The answer is that it all depends on the protocol you are using. There is nothing about a socket that tells you what to send. It is a completely general I/O mechanism. You can send anything but if you don't send what the server is expecting you wont get very far.

The web uses the HTTP protocol and this is essentially a set of text formatted headers that tell the server what to do and a set of headers that the server sends back to tell you what it has done.

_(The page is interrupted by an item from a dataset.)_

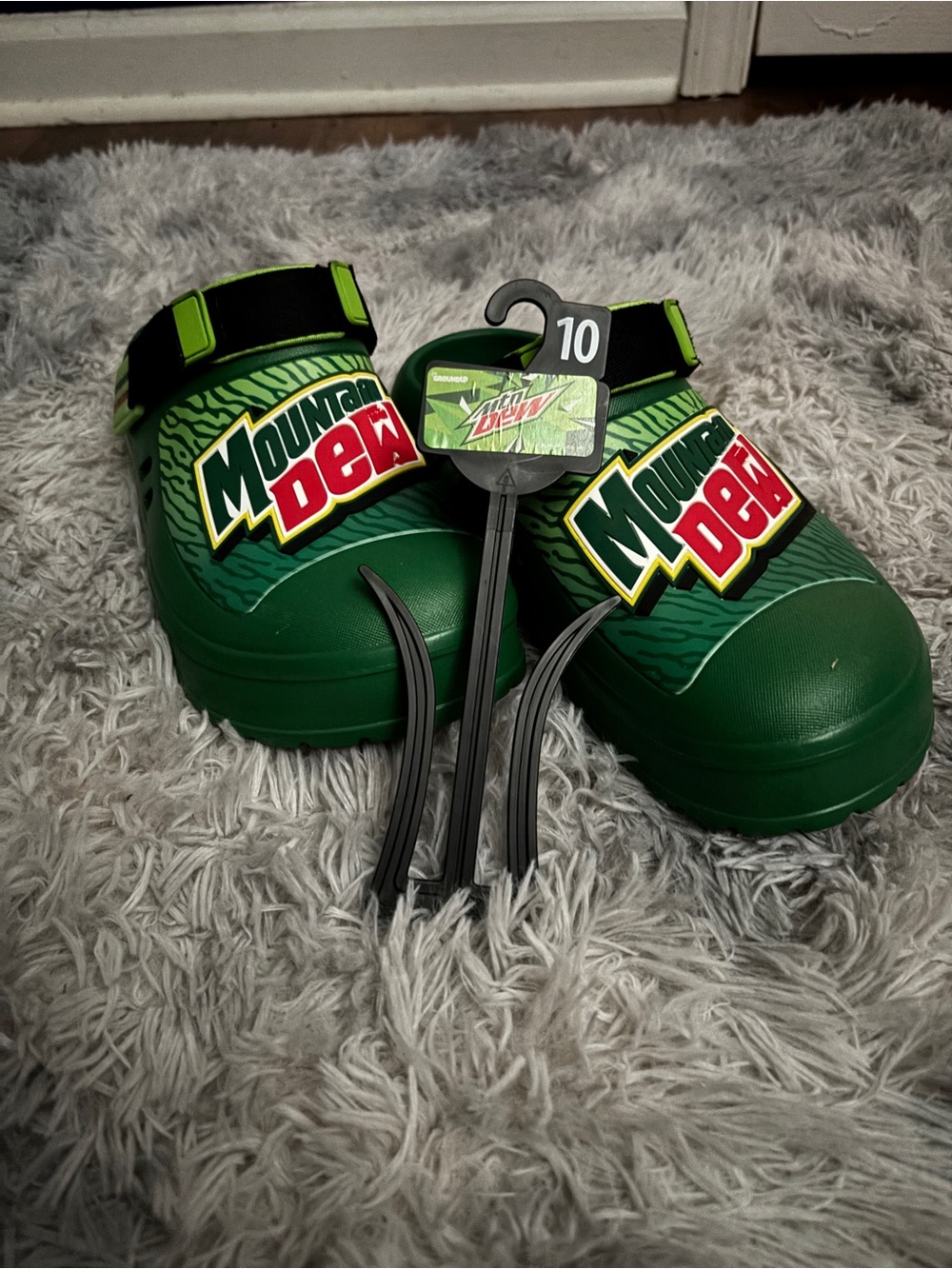 Mountain Dew Kids' Green Sandal Clogs - Size 10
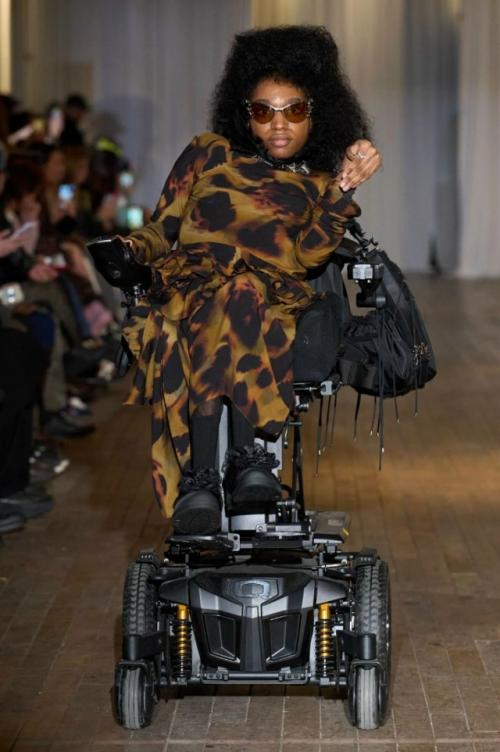 На нью-йоркской неделе моды состоялось яркое шоу бренда Collina Strada, которое получило название The World Is a Vampire. 02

The most basic transaction the client can have with the server is to send a GET request for the server to send a particular file. Thus the simplest header is:

char header[] = "GET /index.html HTTP/1.1\r\n\r\n";

which is a request for the server to send index.html. However, in most cases we do need one more header, HOST, which gives the domain name of the server. Why do we need to do this? Simply because HTTP says you should and many web sites are hosted by a single server at the same IP address. Which website the server retrieves the file from is governed by the domain name you specify in the HOST header.

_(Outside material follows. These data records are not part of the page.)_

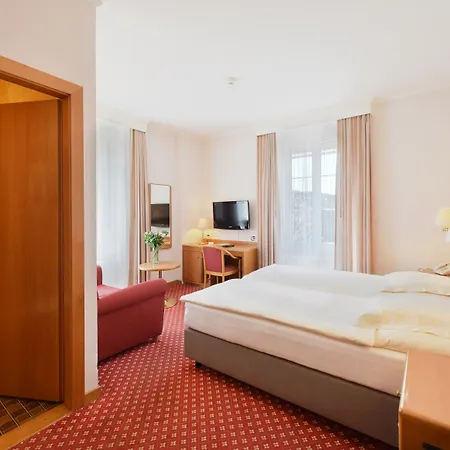 Elite Hotel 3*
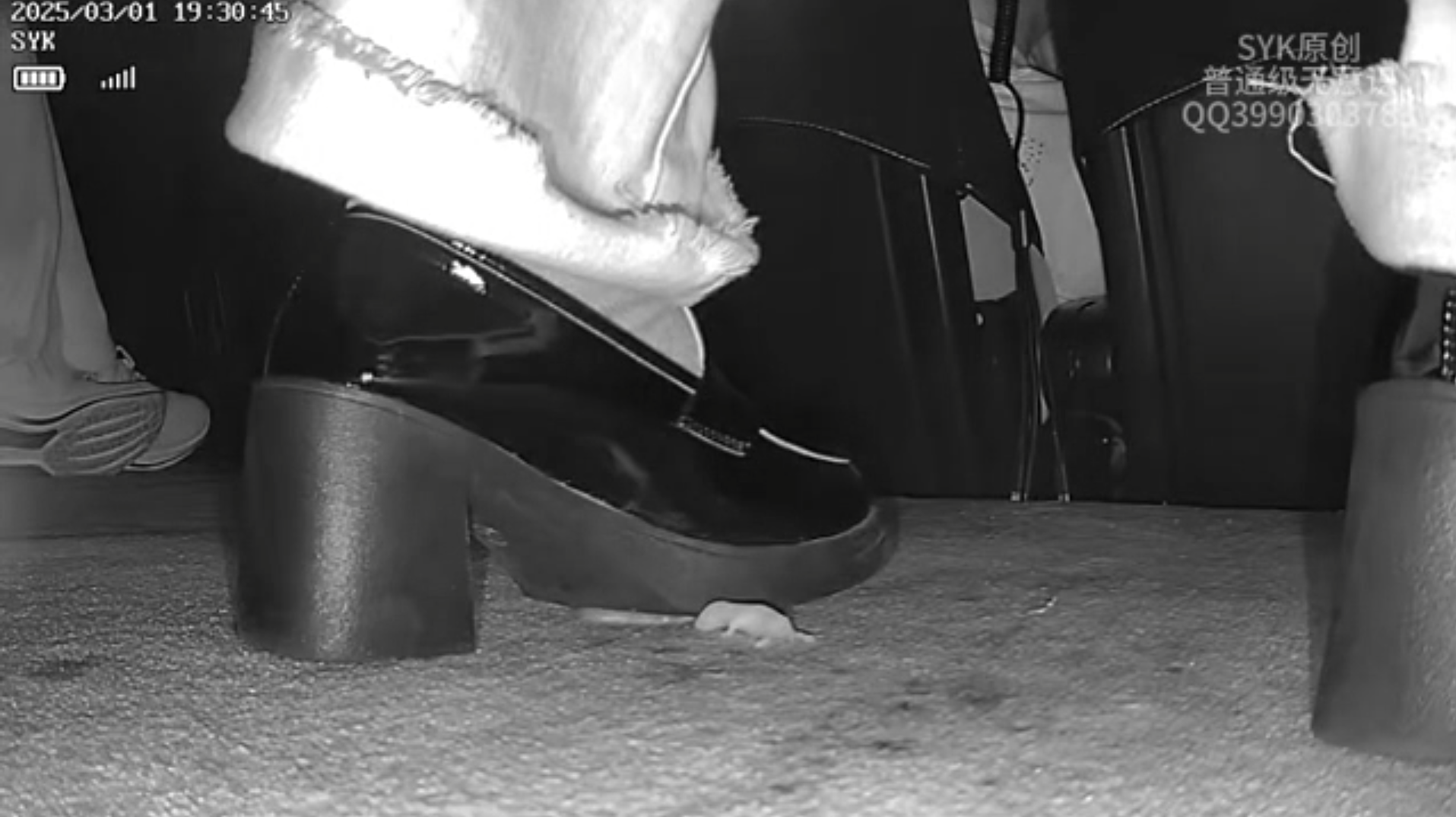 high heels candid pinkie crush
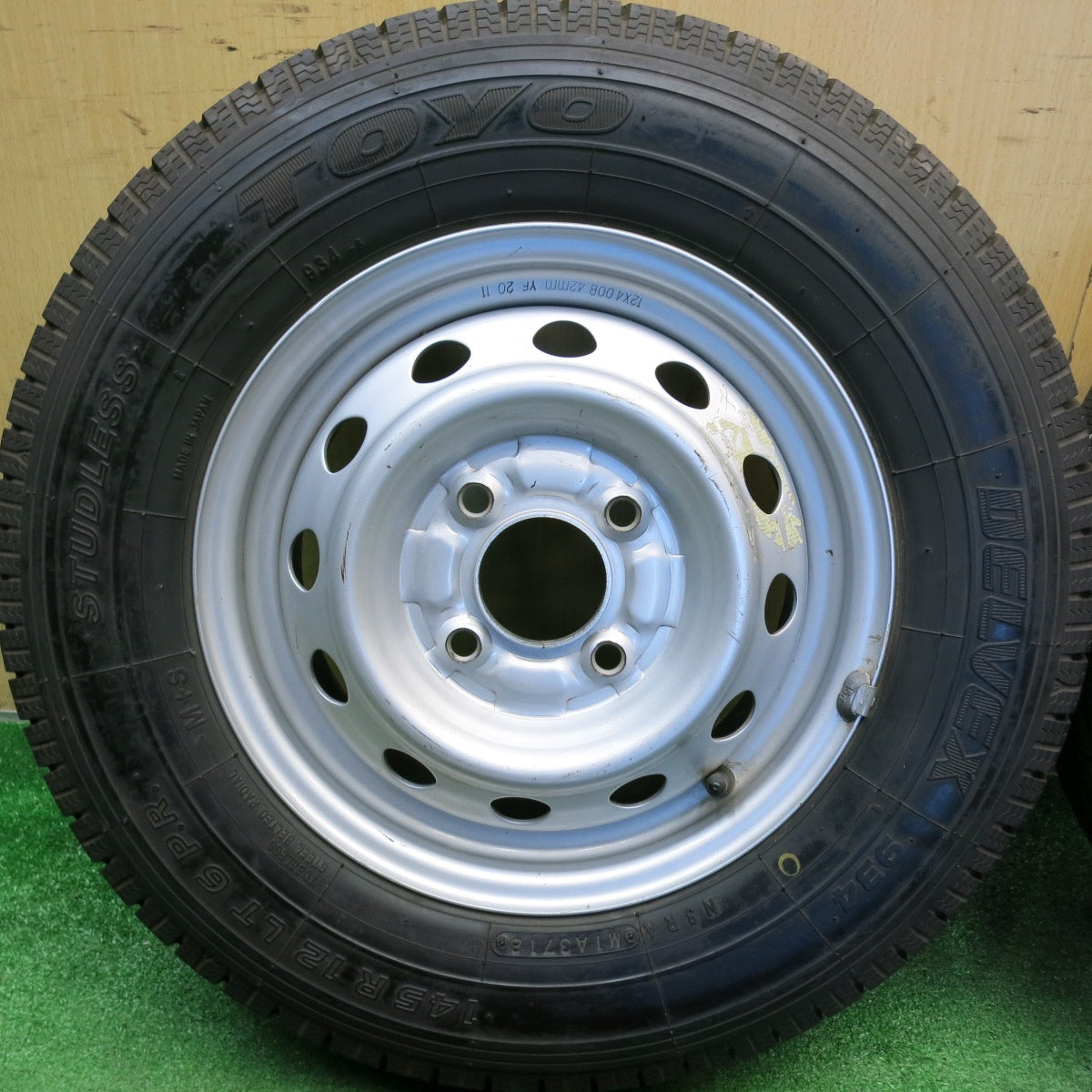 ほぼ未使用◎スタッドレス 145R12 8PR トーヨー デルベックス 934 スチール ホイール 12インチ PCD100/4H◎6073003HAス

This means that the simplest set of headers we can send the sever is:

char header[] = "GET /index.html HTTP/1.1\r\nHOST:example.org\r\n\r\n";

which corresponds to the headers

GET /index.html HTTP/1.1 HOST:example.org

An HTTP request always ends with a blank line. If you don't send the blank line then you will get no response from most servers. In addition the HOST header has to have the domain name with no additional syntax - no slashes and no http: or similar.

With the headers defined we can send our first HTTP request using write as if the socket was just another file to write data to:

int n = write(sockfd, header, strlen(header));

and of course to use the strlen function we need to add

#include <string.h>

The server receives the HTTP request and should respond by sending the data corresponding to the file specified i.e. index.html. We can read the response just as if the socket was a file:

char buffer[2048]; n = read(sockfd, buffer, 2048); printf("%s", buffer);

You can make this more complicated by checking the number of bytes read and reading more if the buffer was full but this is a simple and direct way to get the HTML. In fact you get more than the HTML as you get the entire HTTP response including the response headers:

HTTP/1.1 200 OK Cache-Control: max-age=604800 Content-Type: text/html Date: Sun, 14 Aug 2016 15:30:44 GMT Etag: "359670651+gzip+ident" Expires: Sun, 21 Aug 2016 15:30:44 GMT Last-Modified: Fri, 09 Aug 2013 23:54:35 GMT Server: ECS (ewr/15F9) Vary: Accept-Encoding X-Cache: HIT x-ec-custom-error: 1 Content-Length: 1270 <!doctype html><html> <head>

and so on...

Notice the blank line marking the end of the header - the data payload follows the header.

The complete program is:

#include <stdio.h>#include <stdlib.h>#include <sys/socket.h>#include <string.h> #include <sys/types.h>#include <netinet/in.h>int main(int argc, char** argv) { int sockfd = socket(AF_INET, SOCK_STREAM, 0); struct sockaddr_in addr;addr.sin_family = AF_INET; addr.sin_port = htons(80); addr.sin_addr.s_addr = 0x22d8b85d; if (connect(sockfd, (struct sockaddr *) &addr, sizeof (addr)) < 0)return -1; char header[] = "GET /index.html HTTP/1.1\r\n Host:example.org\r\n\r\n"; int n = write(sockfd, header, strlen(header)); char buffer[2048]; n = read(sockfd, buffer, 2048); printf("%s", buffer); return (EXIT_SUCCESS); }

Of course we can do much better than this simple example. For one thing each socket operation needs to be checked for errors - we only check for the mostly likely error that the sever refuses the connection.

Connecting Using A URL

There is also utility function that will perform DNS lookup for you or convert an IP address specified so you don't need to specify an IP address struct.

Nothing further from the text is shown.